Abreu got the White Sox off to a quick start with a three-run blast in the top of the first. Adam Eaton and Ramirez led off the inning with singles against Twins starter Kevin Correia. Abreu then crushed a 1-2 curveball 427 feet to left-center that landed in the Twins' bullpen. Just like that, three batters in, the Sox led, 3-0.
The long ball snapped a seven-game streak without a home run for Abreu, who extended his current hitting streak to 15 games. In his last 34 games, Abreu has been held hitless once.
"You just expect him to be in the middle of things when it's happening," manager Robin Ventura said. "If he's hitting well, it seems like we're doing well. There's a lot of good things that happen when we get guys on base and he's up there."
The Twins got one back on Kurt Suzuki's sacrifice fly in the second, but Ramirez restored the three-run cushion by blasting one off the facing of the second deck in left leading off the third.
Chicago's hits weren't all highlight-quality, however. For example, picture this two-run rally: Ramirez drew a one-out walk in the fourth and moved to second on Correia's errant pickoff attempt.
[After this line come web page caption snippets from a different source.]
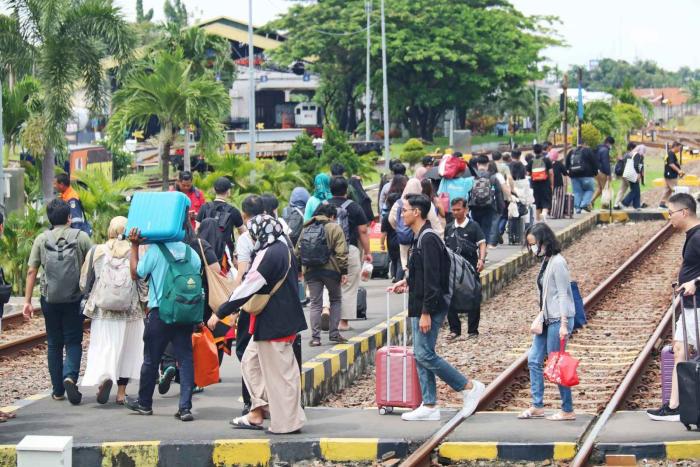 KAI Daop 3 Tambah KA Cirebon Fakultatif untuk Lebaran, Tiket Segera Tersedia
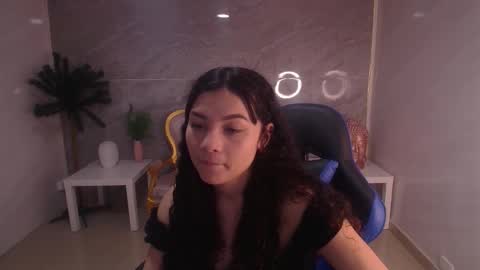 Shalon  online show from March 8, 2025, 1:25 pm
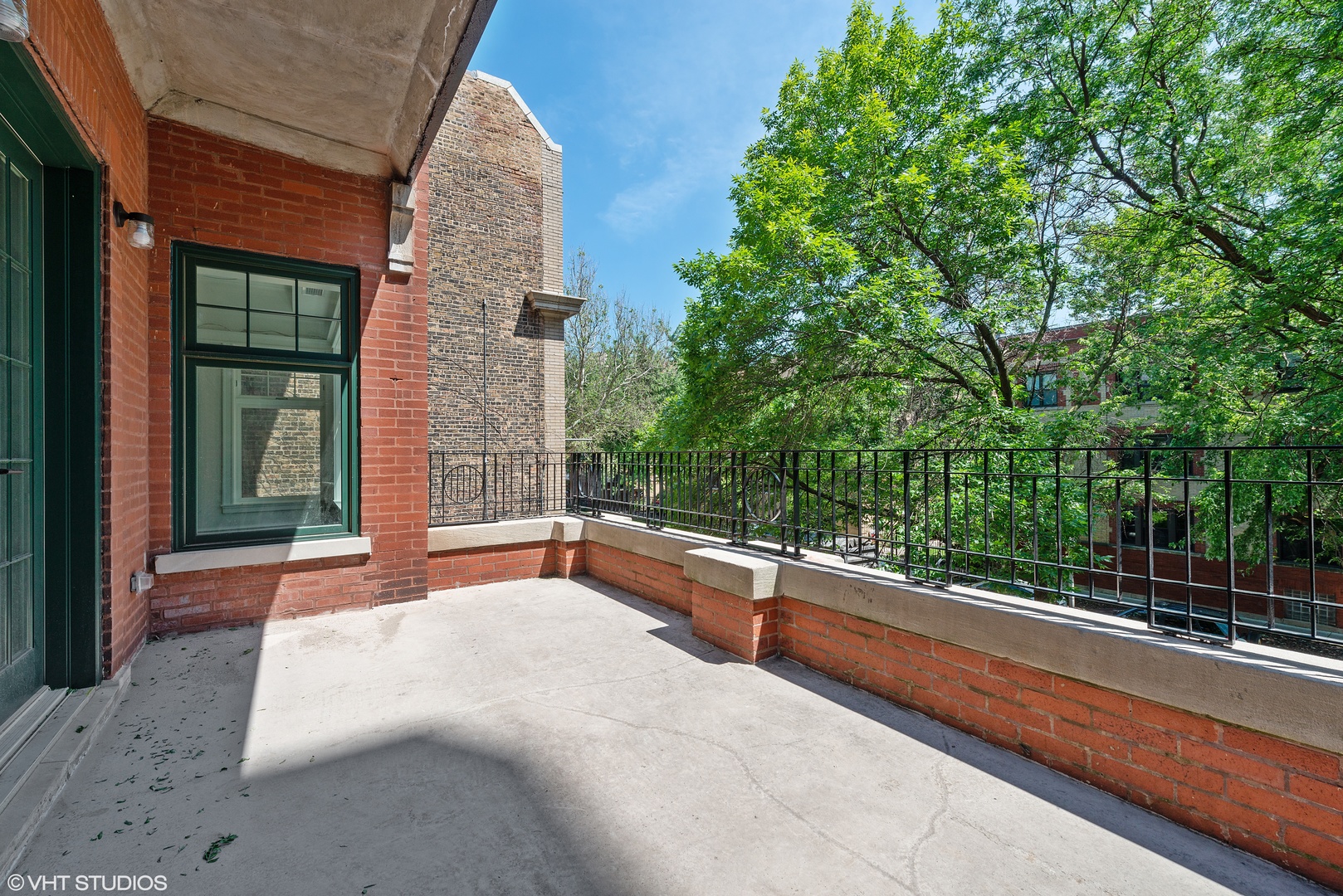 Undisclosed Address Chicago, IL 60657 - Photo 10 of 12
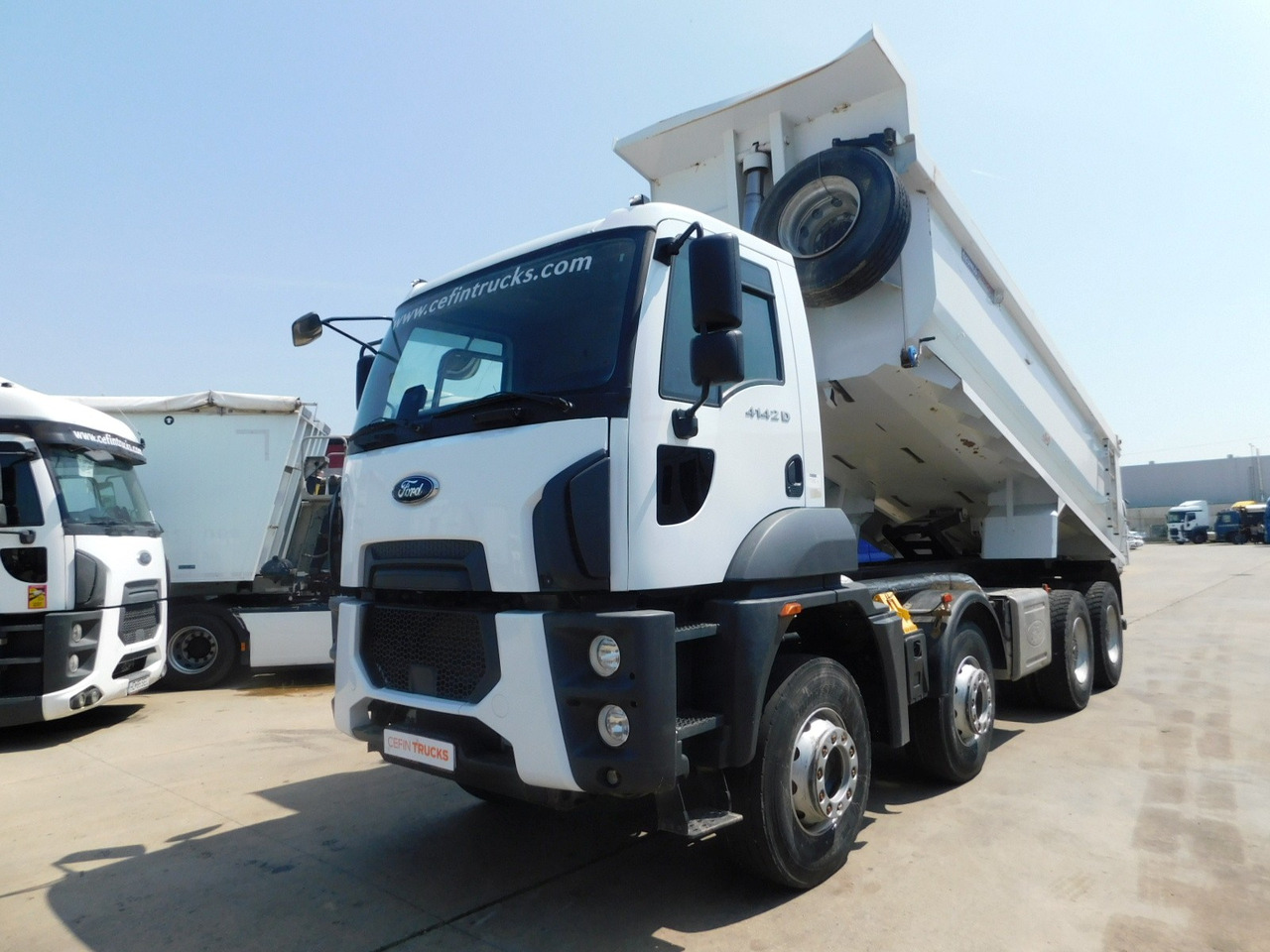 Ford 4142d 8x4 dcab e6 16s2230 ecotorq - Truk jungkit: gambar 1 Ford 4142d 8x4 dcab e6 16s2230 ecotorq - Truk jungkit: gambar 1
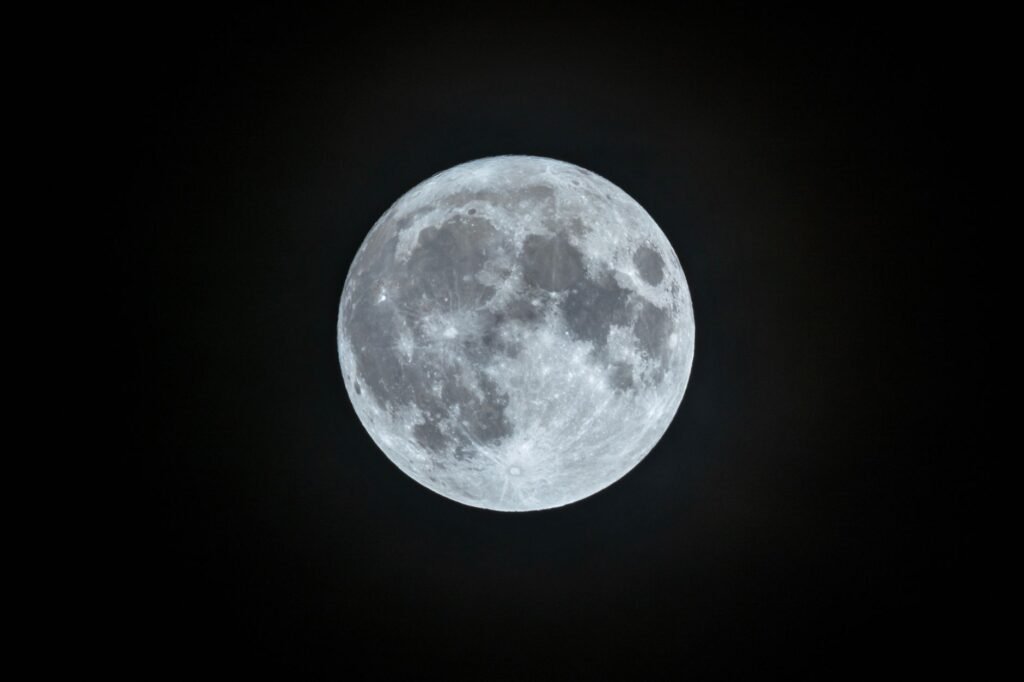 Lua hoje: confira a fase da Lua desta segunda-feira 26/10/2026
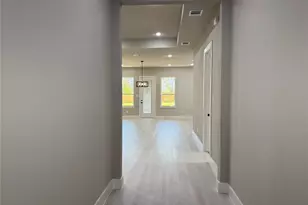 3322 Springview Ave, Dallas, TX 75216 - Photo 2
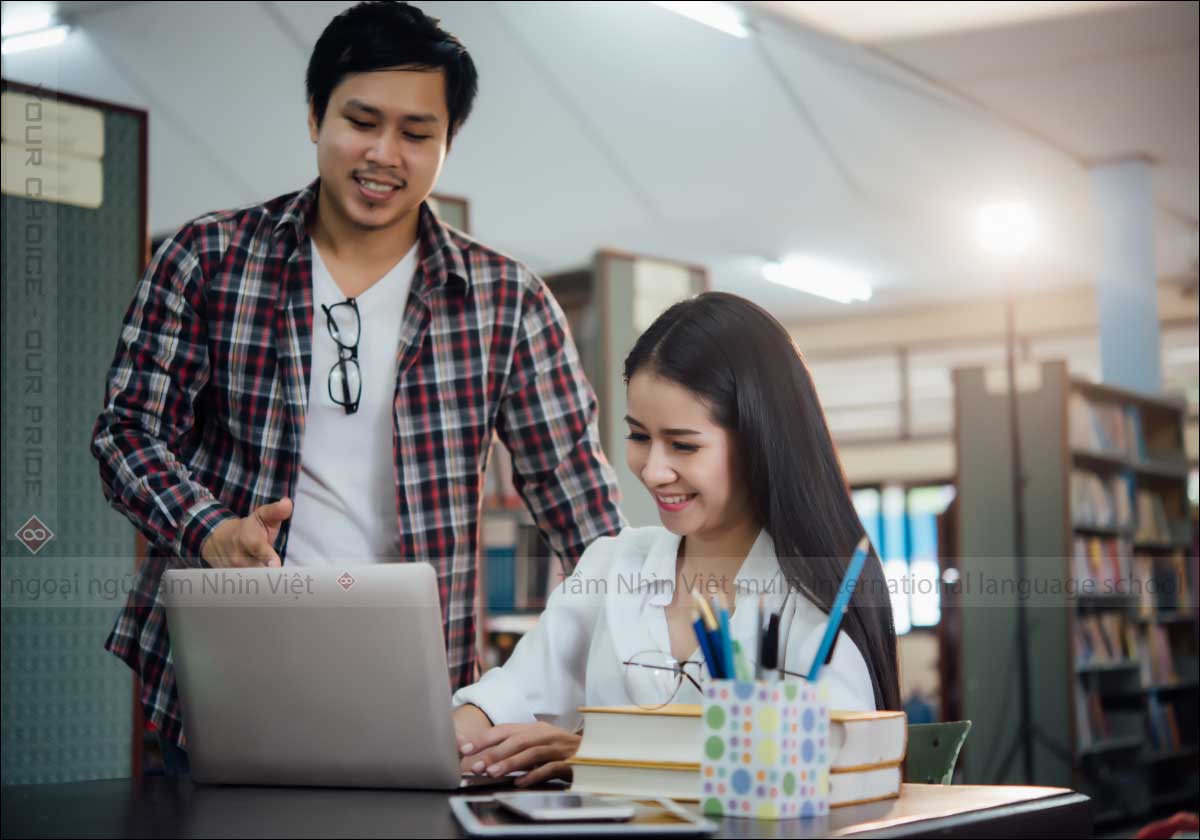 Học tiếng Tây Ban Nha tại Q10 cùng Ngoại Ngữ Tầm Nhìn Việt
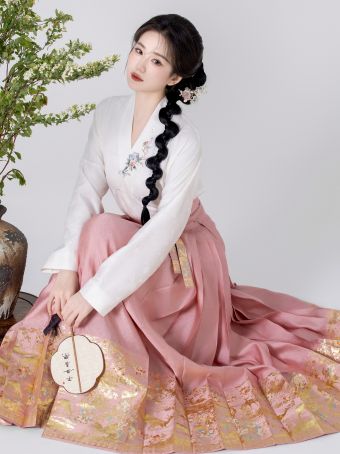 燕云织造【棠溪鹿鸣】飞机袖上衣织金马面裙原创新中式汉服女-淘宝网 主图 001.jpg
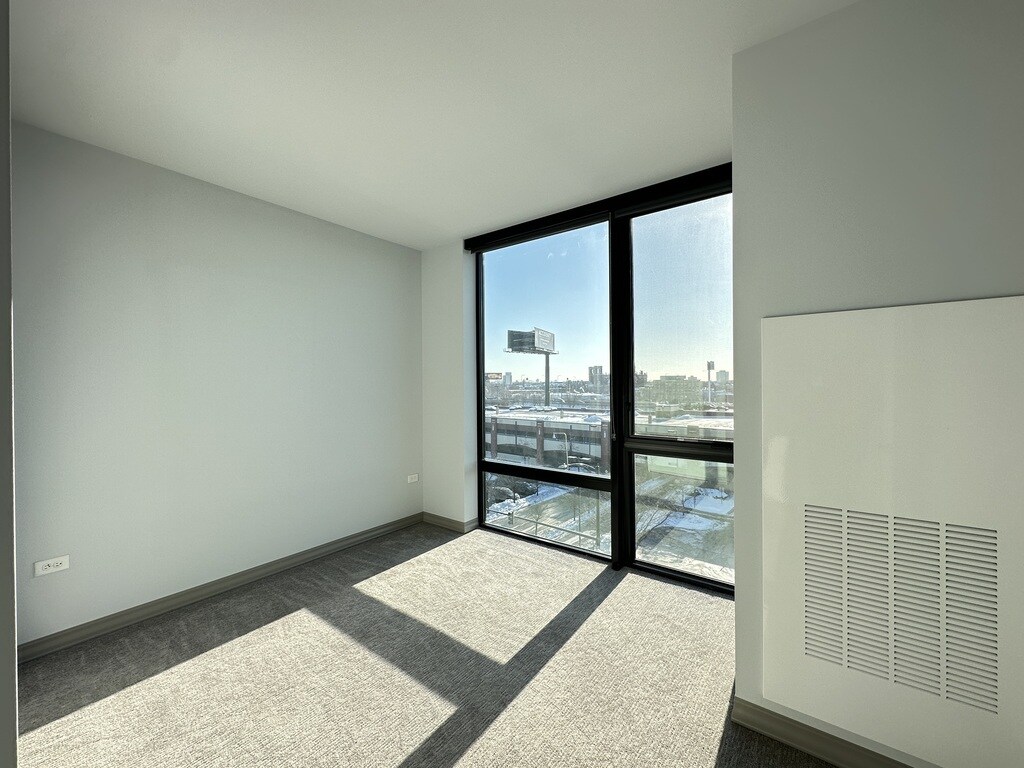 Building Photo - 2155 N Elston Ave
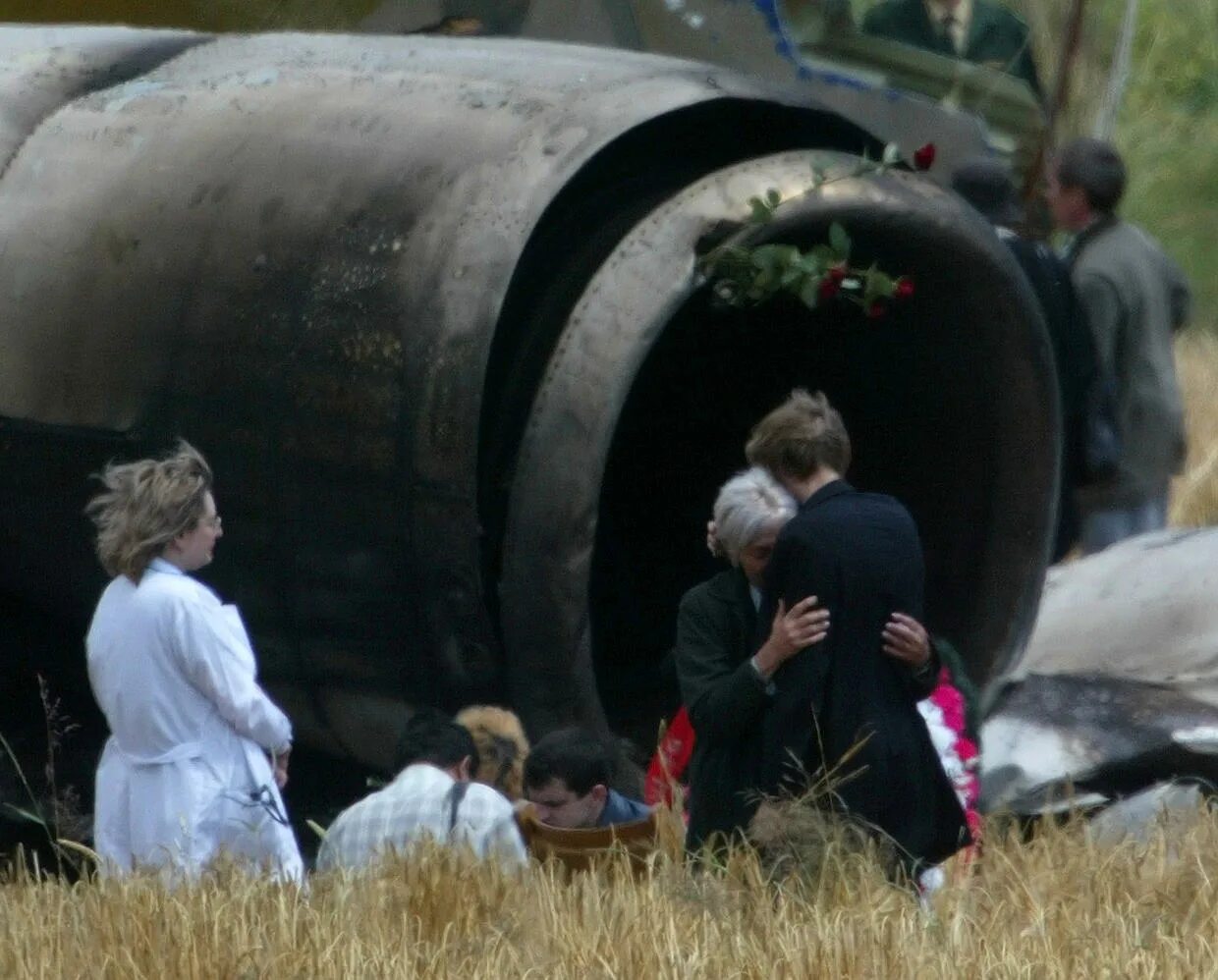 трагедия 2002 самолет башкирские авиалинии. 1 июля 2002 года столкновение над боденским озером. столкновение над боденским озером кладбище погибших. катастрофа ту 154 боденским озером. катастрофа ту 154 боденским озером.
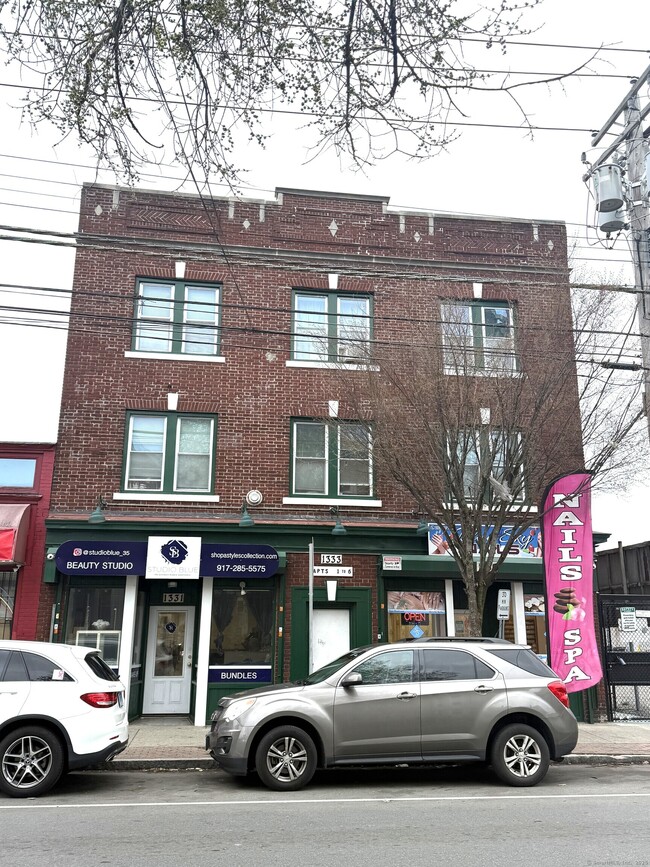 property at 1331 E Main St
Adam Dunn drove him in with a bloop single to left, moved to second on a wild pitch and scored on Viciedo's bloop single to right.
"We were hitting chalk lines and dribblers out front," Ventura said. "You don't see that very often, that kind of stuff happening. It makes you feel good. You feel optimistic going to the plate. You feel like you're going to score some runs and you feel like you've got a little luck on your side too."
Given the state of the White Sox starters -- who as a group have the second-best ERA in the American League since June 23 -- a breakout night like this on offense could serve as a springboard for a playoff run in August and September.
"A lot of it has to do with our offense," Dunn said. "We pretty much get consistent pitching each and every night. If we can go put up five, six runs a game, I definitely like our chances."